The cross-party criticism was made in a parliamentary resolution passed in Strasbourg last month. The resolution, supported by a large majority after two days of debate, said the alliance, which was the only proposal of note in the EC’s second white paper on CSR last year, needs ‘clear objectives’ and a timetable.

The MEPs propose that its objectives include the ‘development of new models of best practice’, and more controversially, the ‘identification and promotion of specific EU regulation to support CSR’. They say one of its programmes of work – setting up ‘CSR laboratories’ that bring business together with stakeholders to consider ‘new options … for improved European policies’ – should be completed in two years. They also call for the alliance to have a ‘single point of co-ordination’. At present it is overseen by several bodies, including CSR Europe and the European employers’ organization Unice.
 
The resolution says the alliance lacks a ‘strategic vision to inform its work’ and even ‘minimum levels of organization and transparency’.

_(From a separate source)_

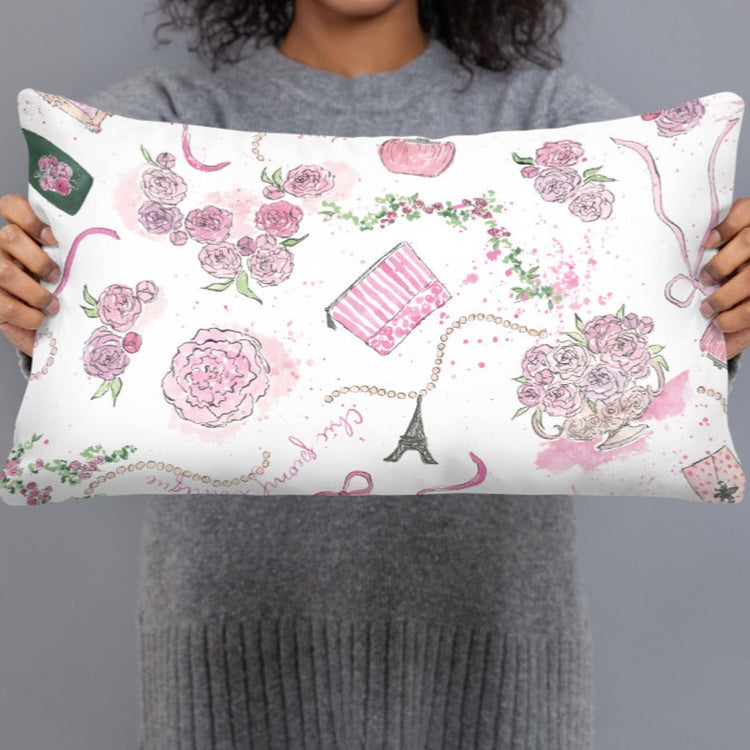Chic Peony Basic Pillow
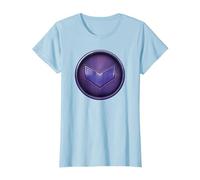 Marvel Hawkeye Kate Bishop Purple Logo Maglietta, Donna, Celeste, M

Richard Howitt, European parliament spokesman on CSR, told EP there was widespread concern among MEPs that the aims of the industry grouping are too vague, and that hardly anyone understands what it does. ‘The alliance is the commission’s major initiative on CSR, yet even businesses are asking what it’s all about, what it does and how they become members,’ he said. ‘Gunter Verheugen [the commission’s vice-president] agrees that the alliance must deliver and sharpen up its act – that it must do more, and do it more quickly.’
 
Last year’s white paper described the alliance as an ‘umbrella for new or existing CSR initiatives’ with no legal framework, no formal requirements for the companies involved, and no new commission money to support it. More than 50 mainly European companies have shown interest in taking part by sharing ideas and spreading best practice, but many MEPs fear it will become little more than a talking shop. ‘It needs somebody, somewhere who can take charge, say what is going on and oversee things,’ said Howitt.

During the debate, MEPs also drew attention to the commission’s failure to reconvene its multi-stakeholder forum of NGOs, unions and business people, which was set up to develop policy for the second white paper. The forum dissolved in acrimony shortly before the paper was published, mainly because NGOs felt their voices had been over-ridden (EP6, issue 4).

The white paper said the forum would be revived this year, but a dozen key NGOs, including Amnesty International, Oxfam, and Friends of the Earth, have refused to become involved this time round.